* [WHAT IS EXPECTED]:
Without the pictures, set down exactly the lines from the one that contains "on palm. Young" to the end of the entries, both included, and nothing besides.

* [RECORD SET]:
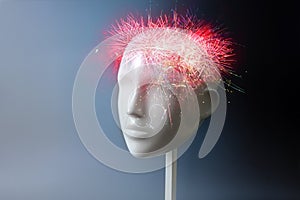 Fireworks in a neutral mannequin head, concept for ideas, inspiration and creative connections but also for neurology, headache,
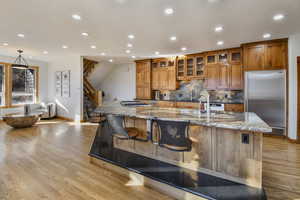 Kitchen featuring dark stone counters, stainless steel appliances, wood finish cabinetry, glass fronted cabinets, and light wood finished floors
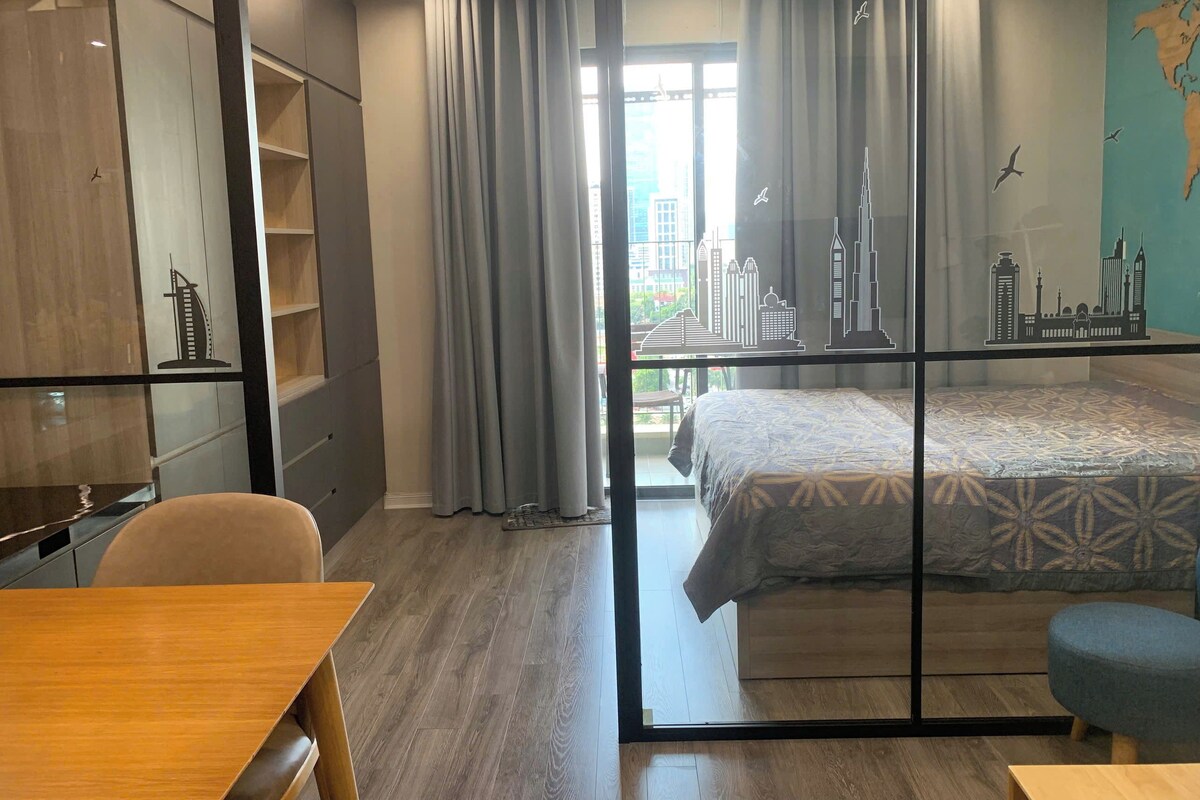 Een hotelkamer met een bed, een bureau, een stoel, een kledingkast en uitzicht op stadsgebouwen.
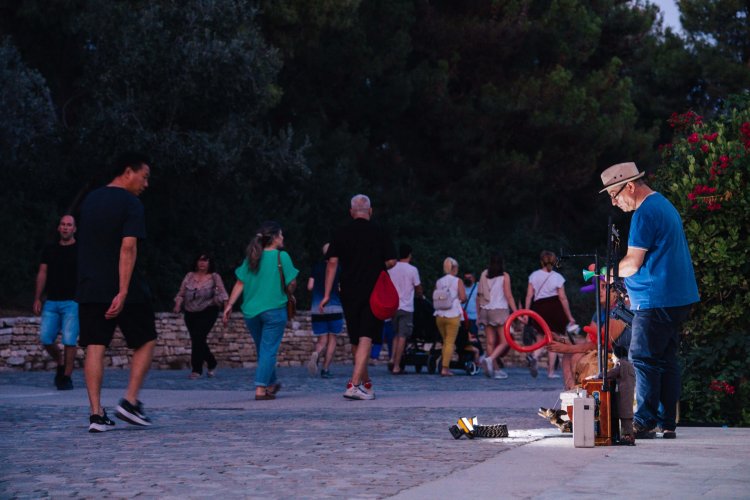 people walking down Areopagitou street and some street musicians.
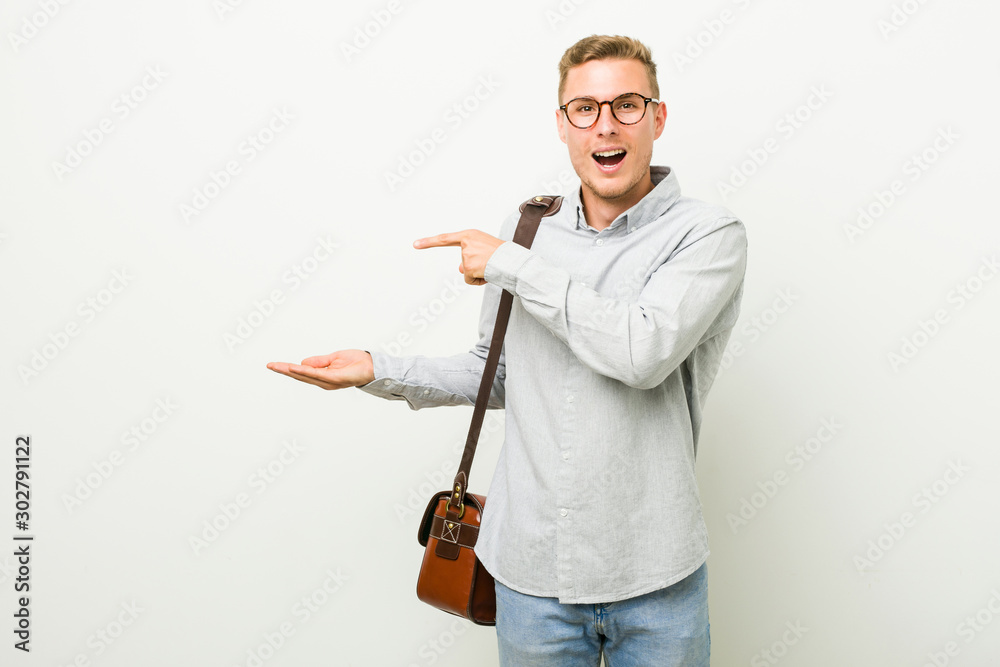 Young caucasian business man excited holding a copy space on palm. Young caucasian business man excited holding a copy space on palm.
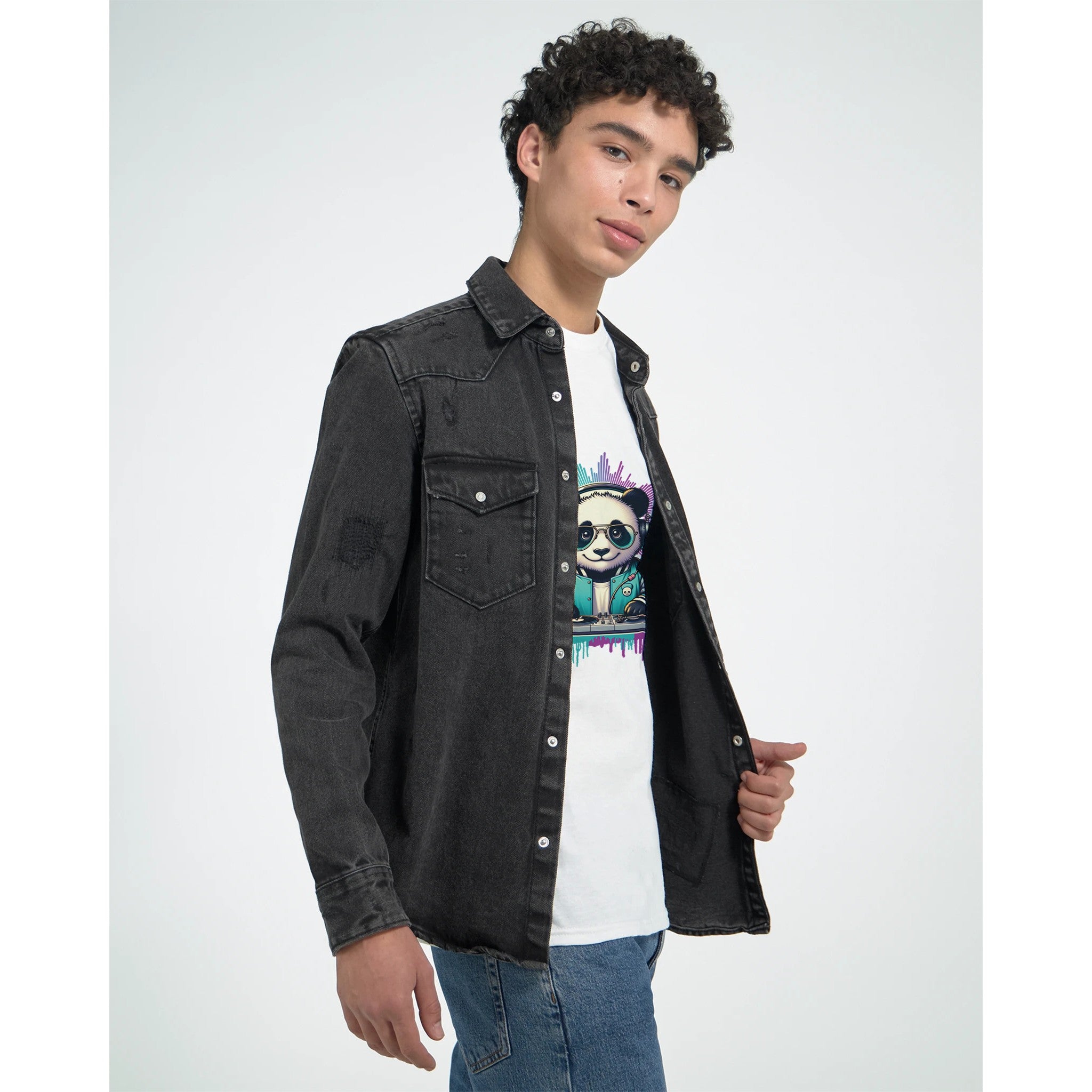 Male model in white Panda DJ graphic tee with panda art, layered under a black denim jacket.
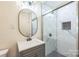 Bathroom featuring a sink with gray vanity, a glass enclosed shower, and modern finishes at 6641 Pawnee Dr, Charlotte, NC 28214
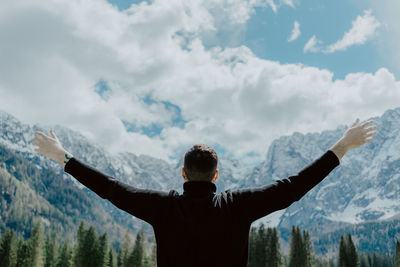 Rear view of hiker with arms outstretched against dramatic sky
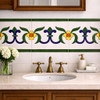 Mexican talavera fleur de lis relief border tile featured above bathroom vanity wall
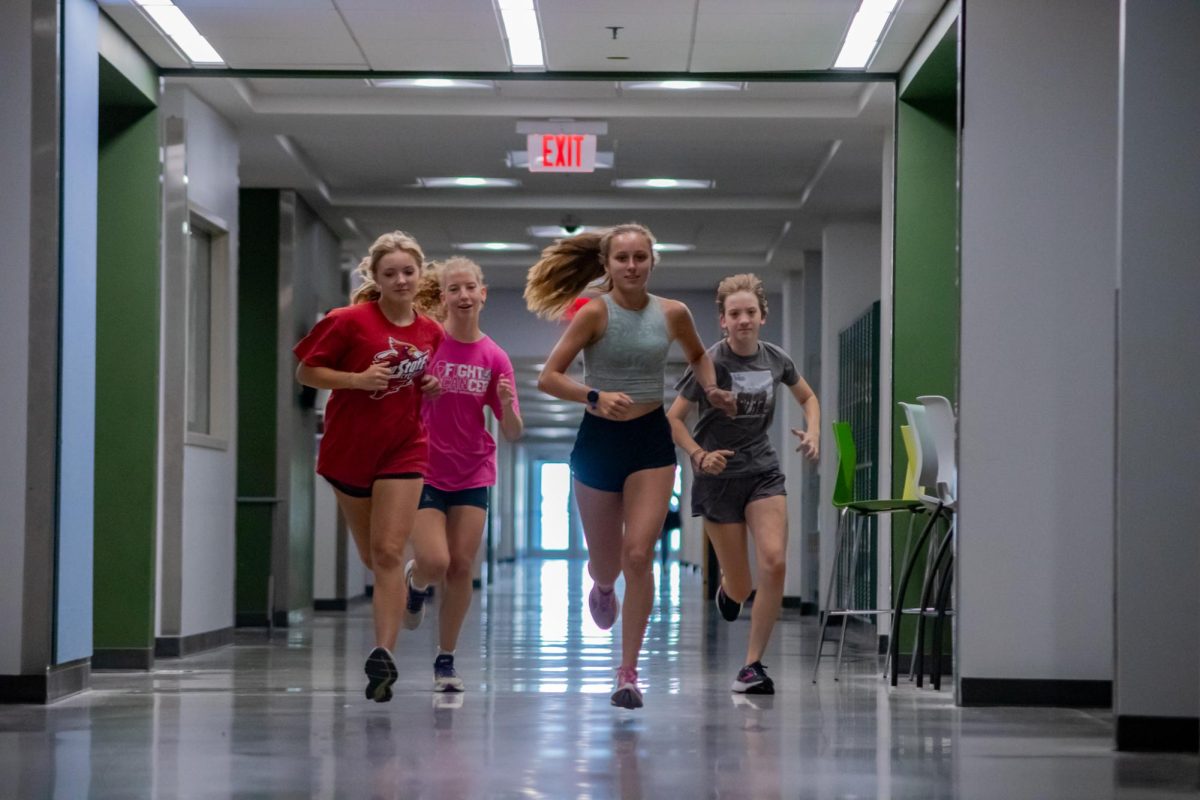 Running the halls, the cross country team practices inside due to a rising heat wave. Having to practice inside isn’t new to the cross country team, according to coach Steve Heffernan. Were used to having to make up some stuff to fill in gaps when the weathers just not accommodating,” Heffernan said.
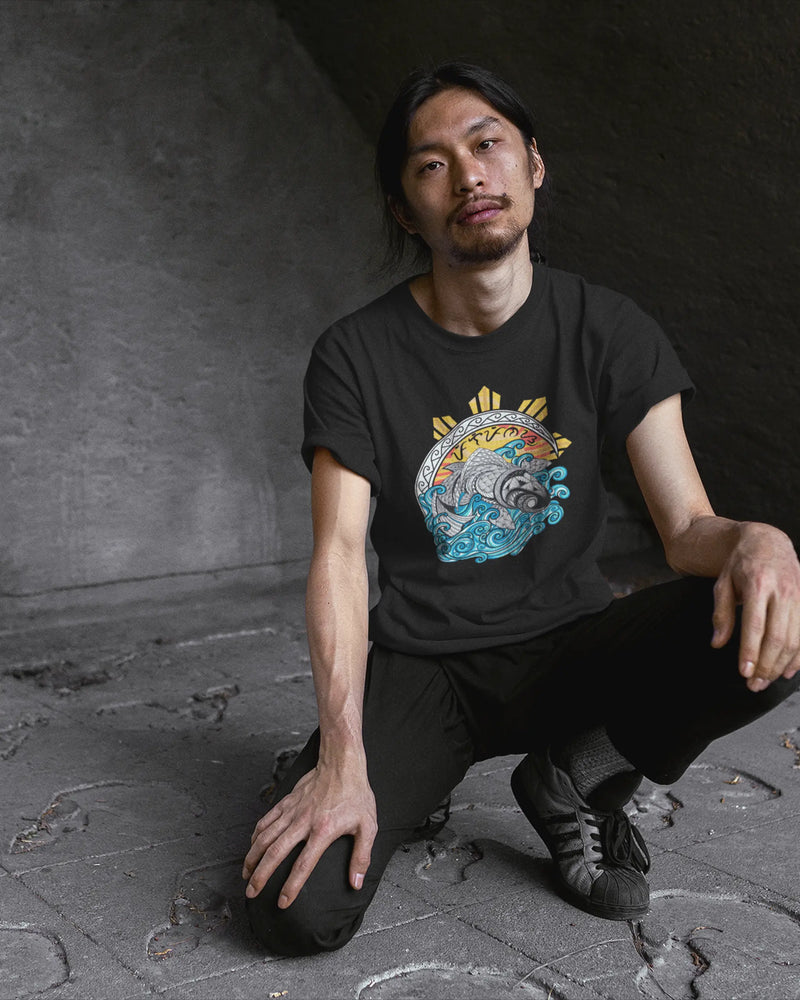 Black Pilipinas shirt with koi tribal art, worn by a man crouching on concrete steps.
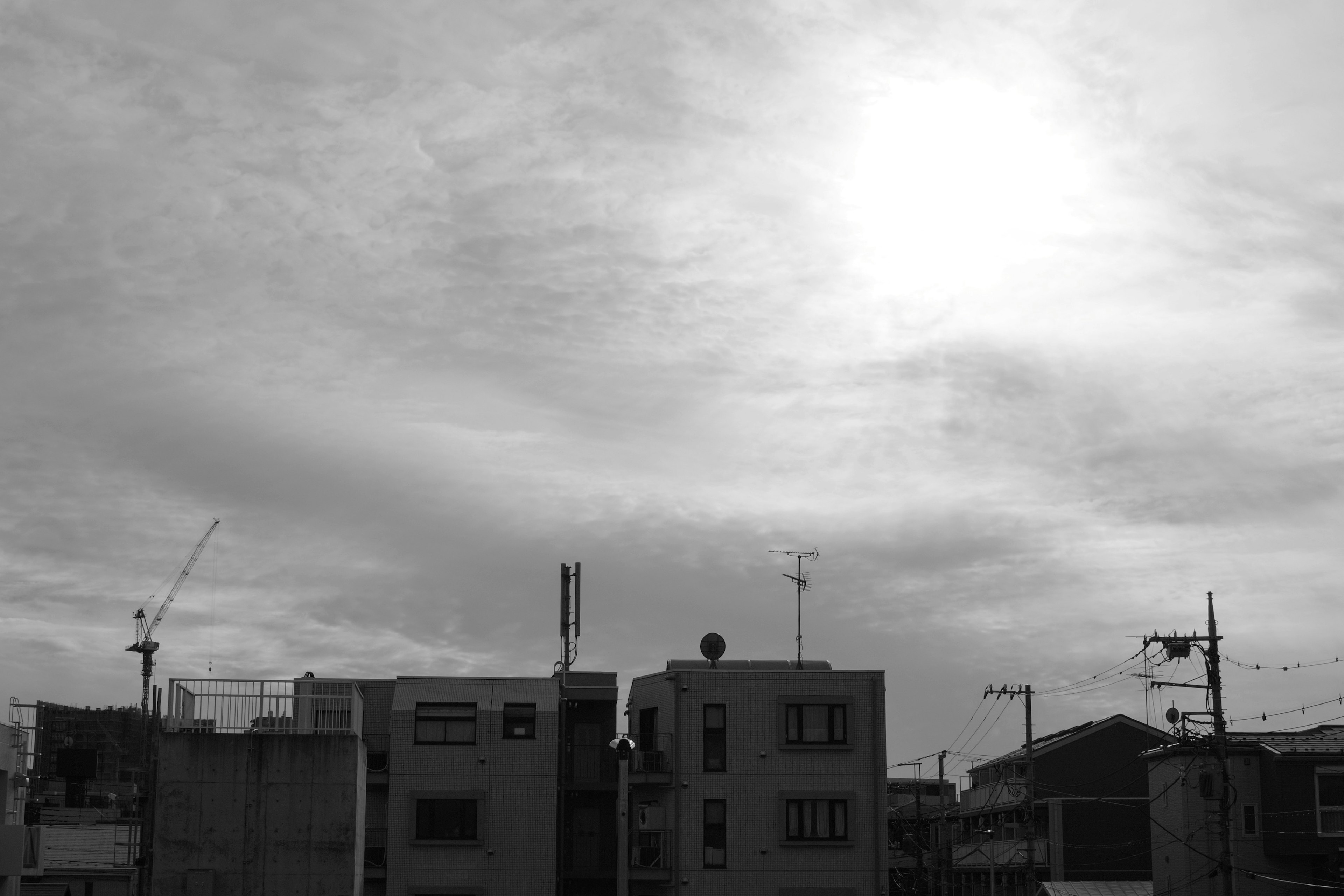 白黒の都市風景に広がる雲と太陽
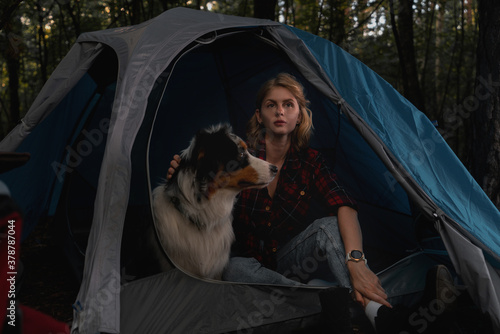 Woman and Aussie Dog Sitting In Tent In Dark Autumnal Forest. Travelling At Native Coutry, Vacation With Closed Borders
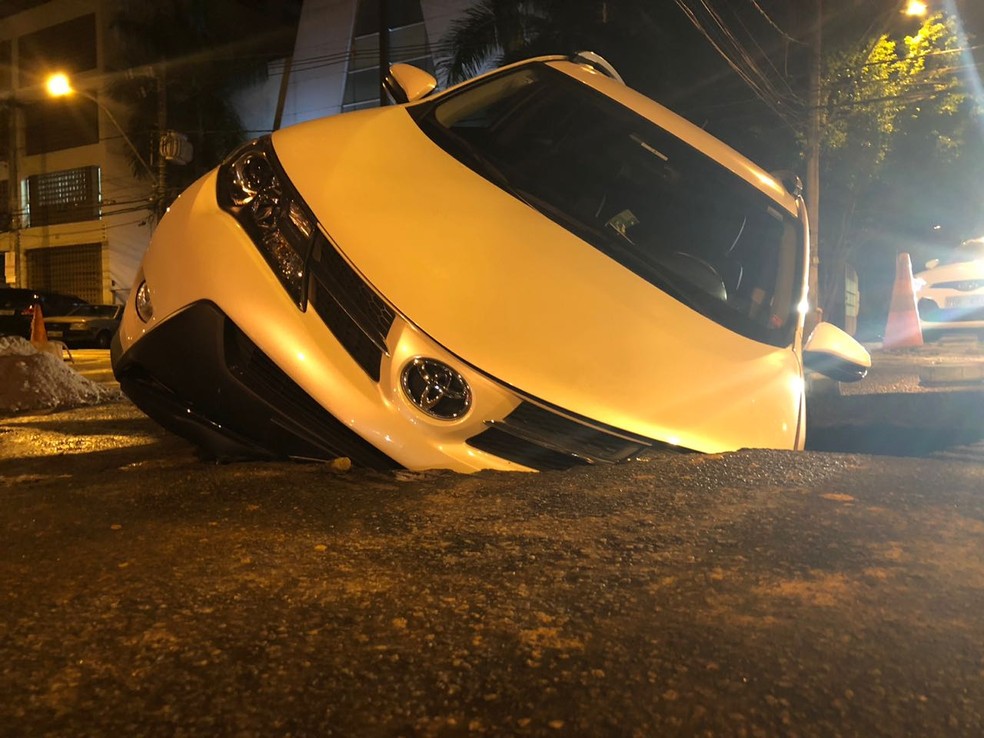 Carro caiu em cratera na frente de igreja na Praia do Canto (Foto: Rodrigo Maia/TV Gazeta)
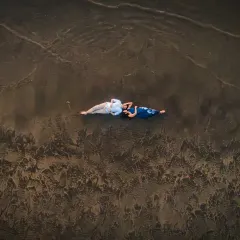 From above, we see a story of quiet connection. Lying on the wet sand as the waves retreat, this aerial view captures a serene, intimate moment, showing that love can be a peaceful escape from the world.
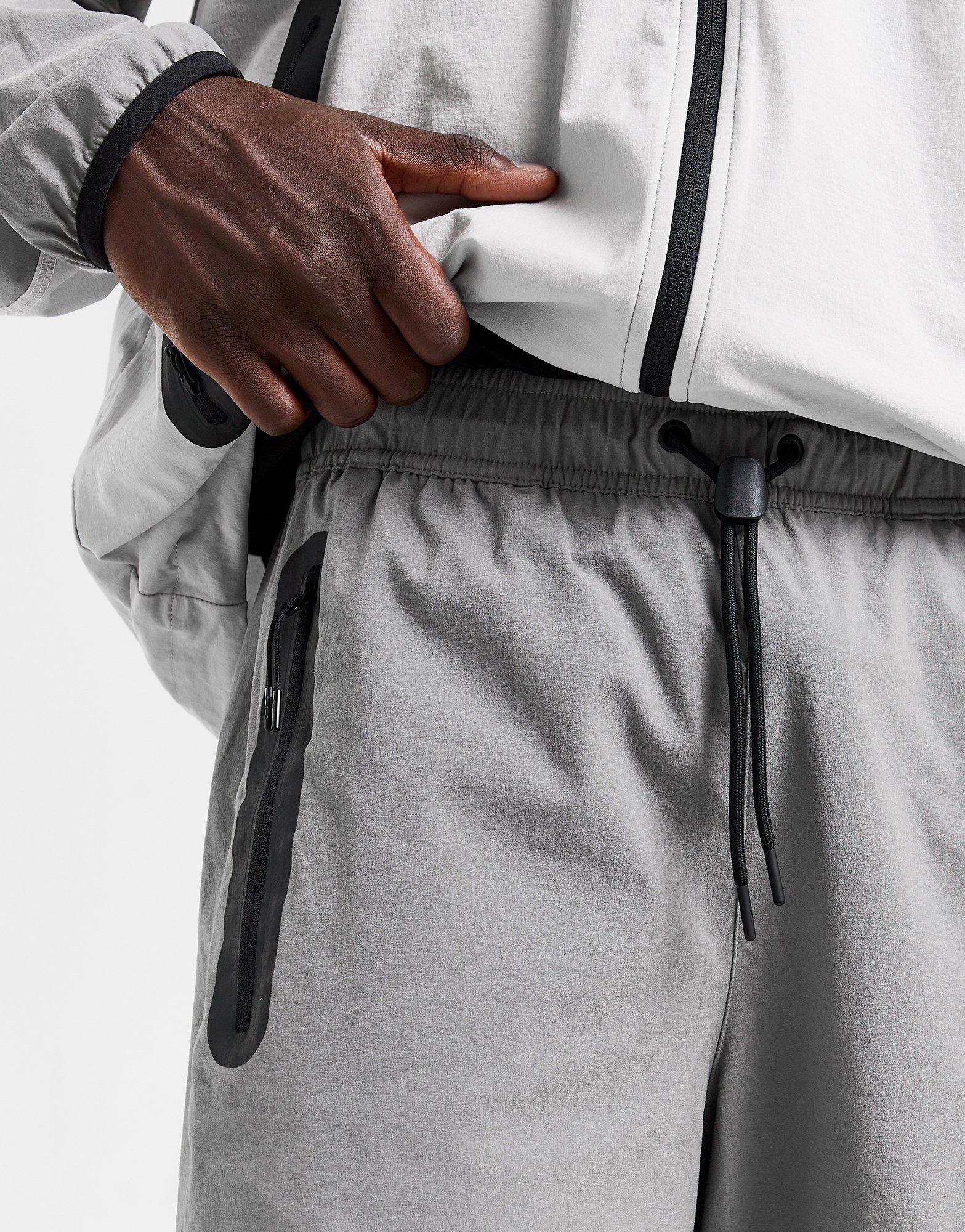 NIKE SPODNIE M NK TCH WVN OH PANT HM8241-014 Szary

* [SOLUTION TO THE EXERCISE]:
 Young caucasian business man excited holding a copy space on palm. Young caucasian business man excited holding a copy space on palm.
 Male model in white Panda DJ graphic tee with panda art, layered under a black denim jacket.
 Bathroom featuring a sink with gray vanity, a glass enclosed shower, and modern finishes at 6641 Pawnee Dr, Charlotte, NC 28214
 Rear view of hiker with arms outstretched against dramatic sky
 Mexican talavera fleur de lis relief border tile featured above bathroom vanity wall
 Running the halls, the cross country team practices inside due to a rising heat wave. Having to practice inside isn’t new to the cross country team, according to coach Steve Heffernan. Were used to having to make up some stuff to fill in gaps when the weathers just not accommodating,” Heffernan said.
 Black Pilipinas shirt with koi tribal art, worn by a man crouching on concrete steps.
 白黒の都市風景に広がる雲と太陽
 Woman and Aussie Dog Sitting In Tent In Dark Autumnal Forest. Travelling At Native Coutry, Vacation With Closed Borders
 Carro caiu em cratera na frente de igreja na Praia do Canto (Foto: Rodrigo Maia/TV Gazeta)
 From above, we see a story of quiet connection. Lying on the wet sand as the waves retreat, this aerial view captures a serene, intimate moment, showing that love can be a peaceful escape from the world.
 NIKE SPODNIE M NK TCH WVN OH PANT HM8241-014 Szary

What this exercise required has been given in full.